Member of the Arizona House of Representatives from the Coconino County district
- In office January 1927 – December 1928

Personal details
- Born: March 25, 1883 Mulberry, Indiana
- Died: August 7, 1964 (aged 81)
- Party: Democratic
- Profession: Politician

= Earl C. Slipher =

American astronomer and politician (1883–1964)

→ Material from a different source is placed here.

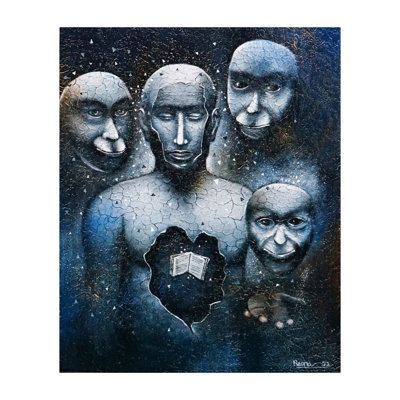 Évolution de l'éducation | Acrylique sur toile | Par Runa Bandyopadhyay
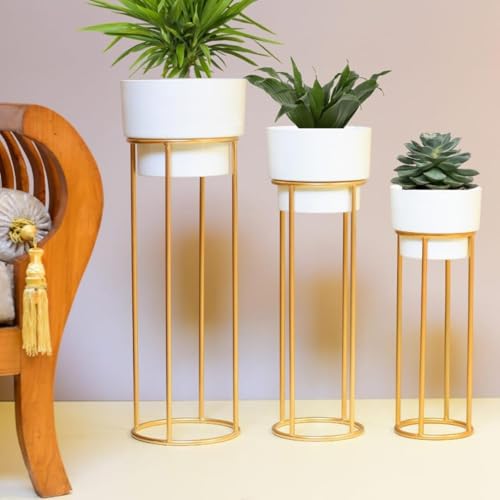 Image of ZM Handicrafts Metal Floor Planter Pot Stand with Gold Finish, Set of 3, Modern Style, for Living Room, Bedroom, Balcony, Office | Indoor / Outdoor Flower Pot Stand with Pots (White Pot)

Earl Carl Slipher (/ˈslaɪfər/; March 25, 1883 – August 7, 1964) was an American astronomer and politician. He was the brother of astronomer Vesto Slipher. He served in both the Arizona House of Representatives and the Arizona State Senate.

==Biography==
Slipher was born in Mulberry, Indiana. He first joined Lowell Observatory in 1908 and became a noted planetary astronomer, concentrating on Mars. He published Photographic History of Mars (1905–1961). In 1957, he appeared in the "Mars and Beyond" episode of Disneyland discussing the possibility of life on Mars.

He also served as mayor of Flagstaff, Arizona from 1918 to 1920, and later as a member of the Arizona state legislature until 1933.

The crater Slipher on the Moon is named after Earl and Vesto Slipher, as is asteroid 1766 Slipher, discovered September 7, 1962, by the Indiana Asteroid Program.

He served a two terms in the Arizona State Senate during the 8th and 10th Arizona State Legislatures, holding the seat from Coconino County. He was also a member of the Arizona House of Representatives, from Coconino County, during the 7th Arizona State Legislature.